I alluded to the fact that Life is a universal computation, meaning that it can do pretty much anything. Here’s a pattern that spits out a ticker tape writing GOLLY over and over!

Life is wonderful.

5 Responses to “Julian Lopez-Morillas. Bill Gosper and Golly.”

  1. Bill Gosper Says:

    Note that the GoLly patterns
    come with blurbs. Press ‘i’ to bring comments up after a pattern is loaded.
    As an example, here’s my comment (24 Jun 2004
    )on Hashing-Examples/totalperiodic
    ***
    Without the block, this is Gosper’s “total aperiodic” pattern (Nov ’97), in which every cell in the universe eventually becomes aperiodic.
    With the block, every cell eventually becomes periodic, but incredibly slowly. The block remains untouched for very roughly 3^63 generations. It deletes the nth glider (and is shifted) at about generation 3^(57.5+5.5n).
    ***
    Also Check out that Miscellaneous/fermat-primes !
    Also blockish-and-blockic-seeds. Motivation for these is under “slow salvo” in the excellent Life lexicon under Help.
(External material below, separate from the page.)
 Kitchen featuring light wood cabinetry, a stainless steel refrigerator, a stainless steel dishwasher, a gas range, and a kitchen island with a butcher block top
  2. Andrew Trevorrow Says:

    Hi Rudy,
    I’m one of the “young guys” working on Golly (I’ve just turned 50 actually).
    Nice to see that folks like you and Bill Gosper are using Golly — my
    motivation index just shot through the roof. 🙂
    Regards, Andrew

  3. Julie Tower Says:

    Hi, Rudy!

    I went to Classical High School with Julian (“When Julian runs, he lopes more or less”). Please pass along my email address to him, as I live in the Bay area and would like to get in touch. Actually, I also was at Swarthmore for a couple of years (class of ’67).

    Cheers!

    Julie

  4. Eliana Says:

    I don’t know when Gosper was born. Do you tell me please?
    I want to publish his biography.

  5. Rudy Says:

    1943, though I don’t know the day. Check the short Wikipedia article about him.
    http://en.wikipedia.org/wiki/Bill_Gosper
    If you want to write about him, you should talk to him directly.